TotalEnergies : 5 milliards de bénéfices, des profits en Suisse et un impôt qui fuit

5 milliards en trois mois — et des profits qui migrent
Selon la source, le bénéfice net de TotalEnergies a augmenté de 51% au premier trimestre 2026, à près de 5 milliards d'euros. Le groupe a augmenté le dividende de 6%. Patrick Pouyanné a déclaré devant la commission des finances du Parlement que le deuxième trimestre s'annonce « plus élevé que le premier ».
Pendant que les prix à la pompe flambent, le groupe maintient un plafonnement volontaire du prix du carburant. Un geste que Pouyanné qualifie de « contribution volontaire ». « Rien ne nous obligeait », a-t-il insisté.
Un parlementaire a dénoncé ce qu'il appelle une « optimisation » : les profits réalisés en France seraient transférés vers la filiale suisse du groupe, Totsa. Basée à Genève. Là où l'impôt sur les sociétés est plus faible.
« Genève vend cher à la France. La marge reste en Suisse », a-t-il lancé.
Pouyanné a répliqué. Les prix de transfert, a-t-il affirmé, sont « les prix internationaux ». Le fisc français les audite. « C'est totalement faux », a-t-il martelé.
Selon la source, dans le rapport financier de TotalEnergies, une ligne intitulée « reste du monde » affichait 5,9 milliards d'euros de bénéfices en 2024, soit un quart des profits mondiaux du groupe.
Le PDG a reconnu que l'essentiel de cette catégorie provient de la Suisse et de Singapour. Et que le taux d'imposition effectif sur cette ligne est de 17,8%.
Un milliard de dollars de trading pendant la guerre
Selon le média « Financiel Tam », les traders de TotalEnergies à Genève auraient empoché « plus d'un milliard de dollars » en spéculant sur le pétrole pendant la guerre au Moyen-Orient.
Un député a évoqué un milliard de dollars de profits de guerre contre 200 millions de « charité d'images ».
Pouyanné a expliqué que l'activité de trading est localisée en Suisse parce que « c'est là que se trouvent toutes les activités de négoce pétrolier de tous nos concurrents ».
TotalEnergies est une entreprise française, créée en 1924 par le gouvernement français pour garantir la souveraineté énergétique du pays.

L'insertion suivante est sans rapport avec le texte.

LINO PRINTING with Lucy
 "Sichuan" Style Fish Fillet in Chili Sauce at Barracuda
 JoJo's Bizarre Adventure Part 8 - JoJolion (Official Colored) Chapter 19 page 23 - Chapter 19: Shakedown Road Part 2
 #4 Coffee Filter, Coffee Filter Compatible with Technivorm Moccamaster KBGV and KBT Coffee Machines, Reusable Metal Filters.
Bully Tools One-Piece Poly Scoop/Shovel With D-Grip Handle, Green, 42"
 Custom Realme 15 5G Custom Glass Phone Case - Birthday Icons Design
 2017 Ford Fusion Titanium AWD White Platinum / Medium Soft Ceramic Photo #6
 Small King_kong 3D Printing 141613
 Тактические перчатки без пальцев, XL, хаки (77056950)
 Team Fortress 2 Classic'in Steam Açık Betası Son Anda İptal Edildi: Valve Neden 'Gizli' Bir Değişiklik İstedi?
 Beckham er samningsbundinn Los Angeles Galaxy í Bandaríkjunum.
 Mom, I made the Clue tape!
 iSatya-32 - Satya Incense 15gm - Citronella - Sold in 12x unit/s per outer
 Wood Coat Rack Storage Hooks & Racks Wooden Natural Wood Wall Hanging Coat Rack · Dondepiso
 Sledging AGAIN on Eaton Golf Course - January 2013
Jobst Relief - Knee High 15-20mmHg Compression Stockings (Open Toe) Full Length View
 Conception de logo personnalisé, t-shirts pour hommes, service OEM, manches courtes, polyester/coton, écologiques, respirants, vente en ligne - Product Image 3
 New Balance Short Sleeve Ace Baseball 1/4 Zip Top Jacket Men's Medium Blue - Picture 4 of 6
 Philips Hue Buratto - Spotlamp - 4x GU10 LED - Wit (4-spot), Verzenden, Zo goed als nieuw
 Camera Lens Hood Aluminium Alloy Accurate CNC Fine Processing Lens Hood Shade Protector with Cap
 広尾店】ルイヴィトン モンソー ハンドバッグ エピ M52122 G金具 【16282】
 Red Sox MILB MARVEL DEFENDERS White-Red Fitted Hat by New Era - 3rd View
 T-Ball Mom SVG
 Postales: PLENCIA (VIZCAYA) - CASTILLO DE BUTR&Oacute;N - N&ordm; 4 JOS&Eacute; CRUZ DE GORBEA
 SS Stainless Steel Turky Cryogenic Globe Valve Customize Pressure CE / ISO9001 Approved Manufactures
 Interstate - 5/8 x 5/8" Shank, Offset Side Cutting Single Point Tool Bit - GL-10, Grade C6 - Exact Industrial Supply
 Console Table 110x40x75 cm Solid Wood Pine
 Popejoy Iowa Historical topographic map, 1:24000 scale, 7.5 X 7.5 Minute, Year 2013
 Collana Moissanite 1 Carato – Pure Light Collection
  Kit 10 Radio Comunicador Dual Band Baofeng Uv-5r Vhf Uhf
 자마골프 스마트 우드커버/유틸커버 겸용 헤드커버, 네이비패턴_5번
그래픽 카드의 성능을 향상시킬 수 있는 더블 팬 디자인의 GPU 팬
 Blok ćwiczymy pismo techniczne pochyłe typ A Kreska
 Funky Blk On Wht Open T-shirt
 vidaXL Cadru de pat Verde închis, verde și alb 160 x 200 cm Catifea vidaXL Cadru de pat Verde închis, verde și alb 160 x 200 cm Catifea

Un parlementaire a rappelé que pendant la guerre en Ukraine, « vos raffineries françaises ont soudainement dégagé des bénéfices » et que le groupe a « soudainement payé des impôts en France ».
Un impôt à 17,8% — et des comptes qui restent flous
Selon Patrick Pouyanné, le taux d'imposition effectif de la catégorie « reste du monde » est de 17,8%.
Un député a demandé quand le groupe publierait les comptes détaillés de Totsa, pays par pays. « Je ne peux pas m'engager à publier avant la fin de l'année », a répondu le PDG. Il a invoqué un délai de 18 mois pour les équipes, indiquant que le rapport pays par pays de 2025 ne paraîtrait qu'en 2027.
« Pourquoi TotalEnergies devrait le faire pendant que tous mes concurrents ne le font pas ? », s'est-il interrogé.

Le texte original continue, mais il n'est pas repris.